Начнем с материального. Советская культура по причине отрицания института собственности не включала в себя традицию передавать по наследству материальные объекты. В моем доме живут фарфоровая сырная доска — одна штука — и несколько десятков фотографий. Это все, что связывает меня с семейной историей через предметы. До сих пор не понимаю, как использовалась эта сырная доска, резали ли на ней сыр до революции или она была декоративной. В детстве моем почти не было сыра, не было и традиции декорировать стол или интерьер. Поэтому доска с удивительно нежным рисунком кузнецовского фарфора — просто сувенир, образ России, где на столах белели скатерти, сверкало столовое серебро и стояли букеты цветов. России, в которой моя юная бабушка на торжествах по поводу 300‑летия дома Романовых в жуткой давке пыталась разглядеть маленького наследника престола в проезжающем мимо ландо. России, где пирожное стоило 3 копейки, а туфли — 3 рубля. Приказчик выходил к покупателям и говорил пошлые комплименты о «ножках-игрушках».
Сырная доска как машина времени переносит меня на сто лет назад, в прошлое, с которым нет связи.
Если не считать связью наблюдений за бабушкой, которая до глубокой старости выходила из дома только в туфлях и чулках в любую погоду и в панаме вместо шляпы.
Если не считать связью отсутствие в мочках моих ушей проколов.
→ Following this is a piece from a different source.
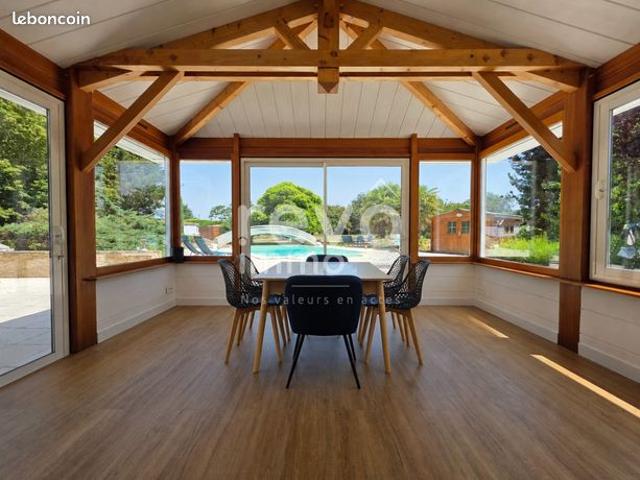 Maison 5 pièces 140 m²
Если не считать связью крашеные яйца на Пасху и маленький нательный крестик на шнурке, привычку играть в лото.
Кстати, лото. Помню, что числа имели свои прозвища. 11 — «барабанные палочки», 90 — «дед». «Сколько деду лет?» — спрашивали после того, как вытаскивали из мешка «деда», и я кричала — «Молодой дед, только 42», называя число на следующем деревянном бочонке.
Осколки, маленькие осколки культуры прошлого прорывались через стену нескольких десятилетий страха репрессий, ужасов войны, холода и голода, бедности и пропаганды. Тепло большой семьи, где за столом после вкусного ужина дети и родители играют в лото.